For history on the plans for TempCash, see our April 7, 2015 News, "BlackRock Announces Changes, Keeps Options Open; TempFund Floats." Our piece explained, "In a letter addressed to its money market fund clients, entitled, "New Product Line Up Plans," BlackRock announced ... changes to its money market fund lineup in response to last summer's sweeping SEC reforms. Among the proposed changes are the introduction of 7-day maximum maturity funds and the possible conversion of prime retail and sweep funds to government funds."

In other news, an article published by Global Capital entitled, "EU blunts the teeth of money market rules," comments, "The European Union has allowed lobbyists to blunt the teeth of its long-awaited money market fund reform act.... On November 16, it [the EU] finally reconciled the three separate versions of the reform produced by the European Commission, the European Parliament and the European Council, discarding in the process the suggested 3% capital buffer requirement. Though technical details are yet to be settled, the bill's reduced ambitions are gradually becoming clearer."

The article continues, "Lobbying from constant net asset value (CNAV) fund managers has left the reform lacking the bite of its American counterpart. The regulation was initially expected to force CNAV funds to convert to variable NAVs (VNAVs). Then, the concept of a low volatility NAV (LVNAV) fund emerged.... When LVNAVs were first floated, it was as a temporary measure to ease the transition to full VNAV status -- a transition that was to be enforced by a five year sunset clause that would force LVNAVs to convert to full VNAVs. But the sunset clause has been abandoned -- a casualty of lobbying -- so the mutant LVNAV is here to stay."

Global Capital adds, "Even if Europe were to introduce a hardline reform: mandatory immediate conversion to VNAVs, the consequences would be far less drastic than the turmoil in US funds. The US reform triggered a $1tr shift from prime funds to government-only funds, but such a sharp move is unlikely in Europe. For one thing, government only funds in Europe yield minus 70bp, while there simply isn't the capacity in short term European public debt to allow a mass influx of prime fund money. But most importantly, VNAVs are a far more familiar and less frightening concept to European investors than they were to US investors because, unlike America, Europe already has a flourishing community of VNAV funds."

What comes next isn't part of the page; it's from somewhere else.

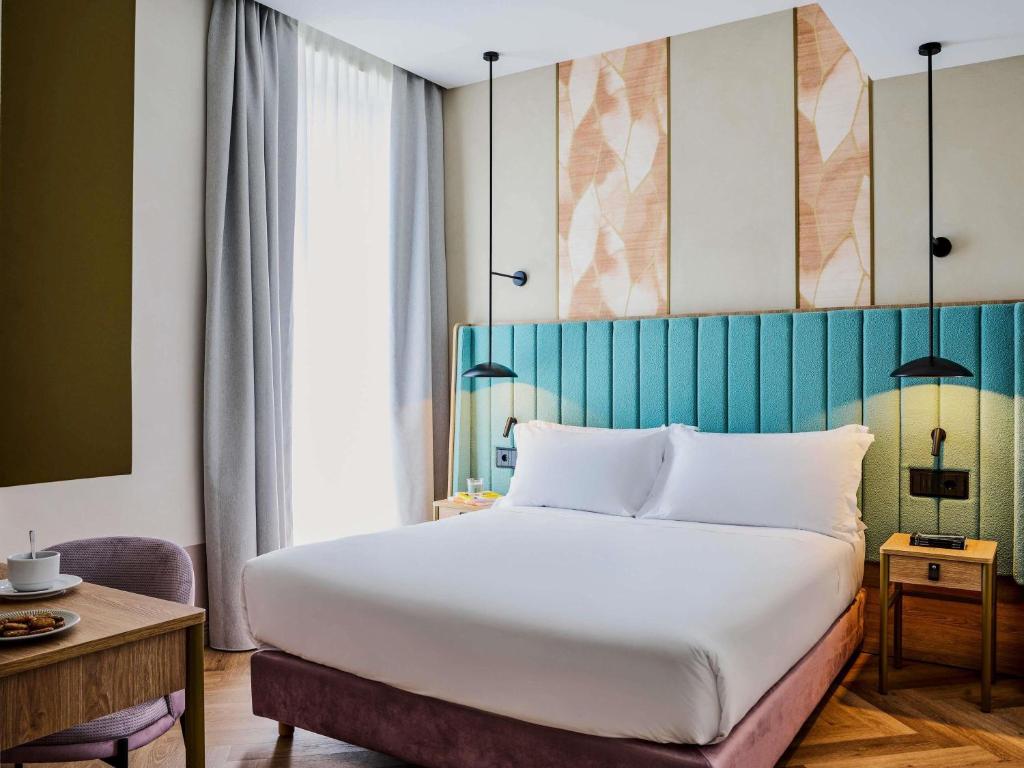 Hotel Giacomo Morra Alba - Handwritten Collection - 10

Finally, we noticed a Wall Street Journal piece a couple days ago entitled, "Clearinghouses Park Billions in New Fed Accounts." It explains, "Financial firms are lining up for the hottest new account on Wall Street: checking with interest at the Federal Reserve. CME Group Inc. and the Options Clearing Corp. are among large companies that have parked billions of dollars in new accounts at the Fed, reflecting a recent rule change that made the accounts more widely available and the attractive rates paid by the central bank on deposits."

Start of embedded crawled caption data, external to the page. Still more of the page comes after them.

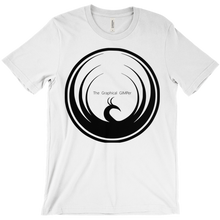 thegraphicgimper T-Shirts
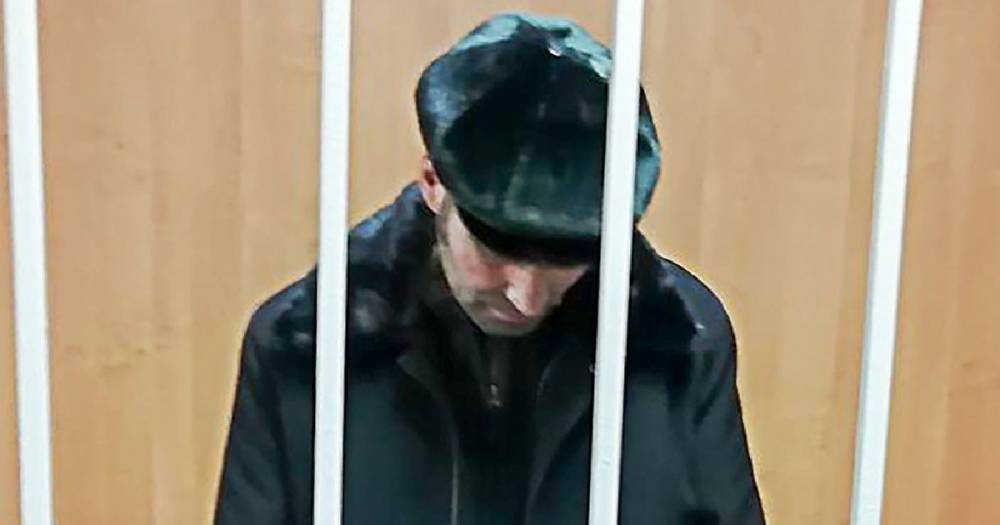 Подмосковные ритуальщики выдали родным тело не той бабушки, перепутав старушек. - daylynews.ru - Мурманская обл.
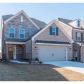 5250 Cedar Glenn Ct, Cumming, GA 30040 ID:15176716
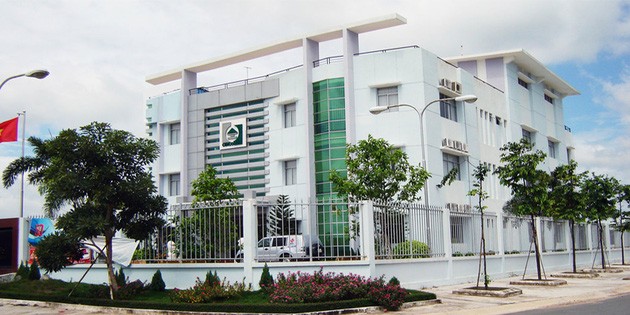 CCI đặt kế hoạch lãi 7,4 tỷ đồng trong quý II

The Journal adds, "Earning interest on reserves at the Fed has been the privilege of banks since 2008, but a wider swath of Wall Street won the right under a provision of the 2010 Dodd-Frank Act that aimed to bolster "clearinghouses" that guarantee obligations on trades for a fee.... The clearinghouse operators are using their Fed accounts to earn interest on the cash collateral that members, such as Citigroup Inc., Goldman Sachs Group Inc. and Interactive Brokers LLC, pledge in the course of their daily transactions and trade-processing."